Exercise requirements
Starting at the line that contains "133 Shady Ln, Evanston, WY", print each line exactly through the end of the listing. Skip any pictures and add nothing.

Information shown
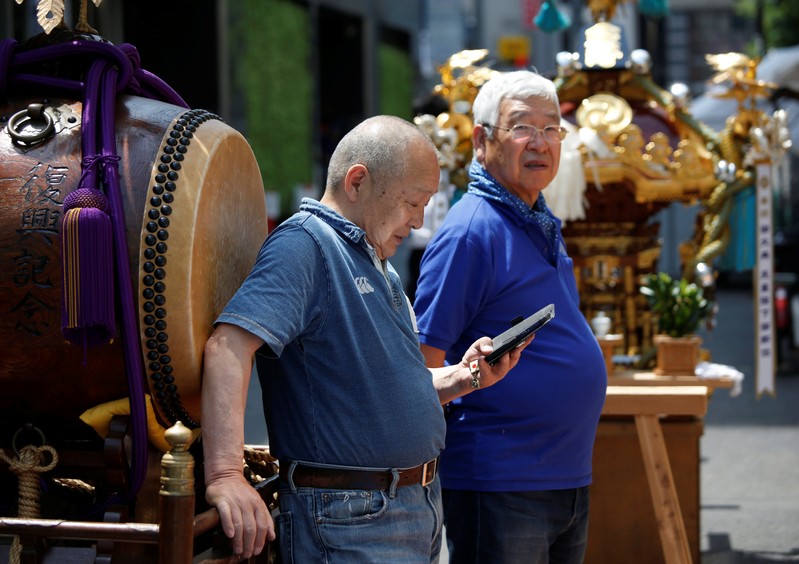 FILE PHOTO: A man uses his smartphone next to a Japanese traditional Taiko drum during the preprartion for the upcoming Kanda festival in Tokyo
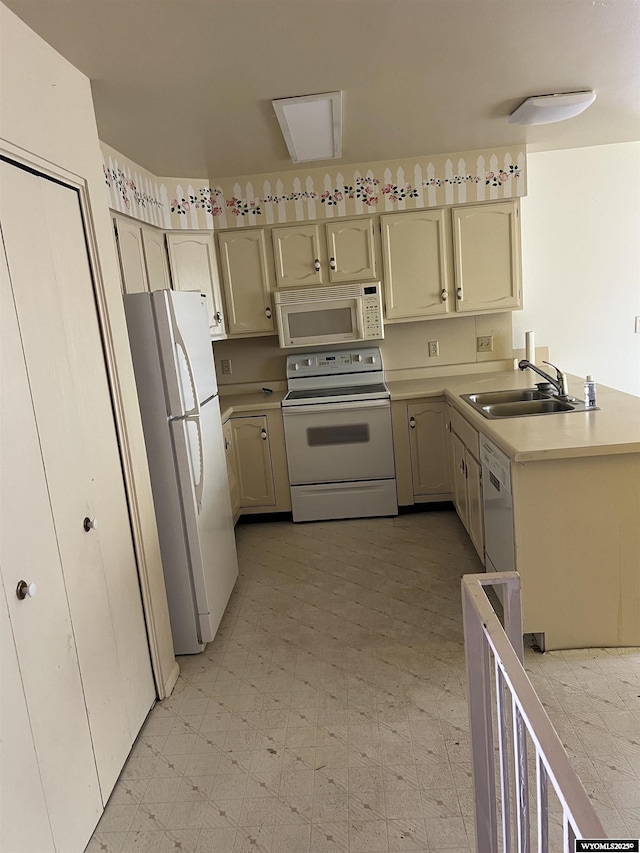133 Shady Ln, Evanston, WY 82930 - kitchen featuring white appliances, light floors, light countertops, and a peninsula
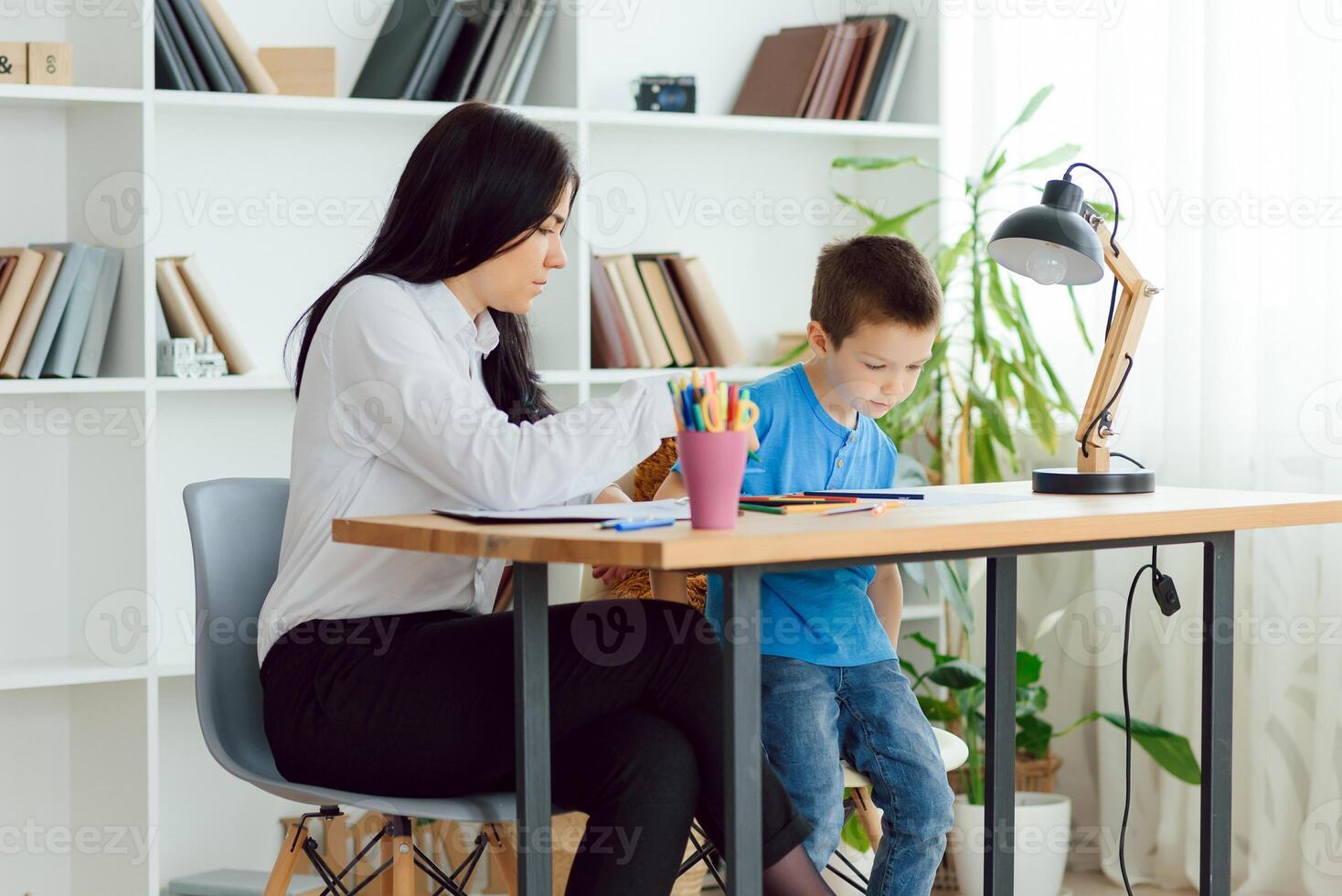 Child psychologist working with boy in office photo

The completed task
133 Shady Ln, Evanston, WY 82930 - kitchen featuring white appliances, light floors, light countertops, and a peninsula
 Child psychologist working with boy in office photo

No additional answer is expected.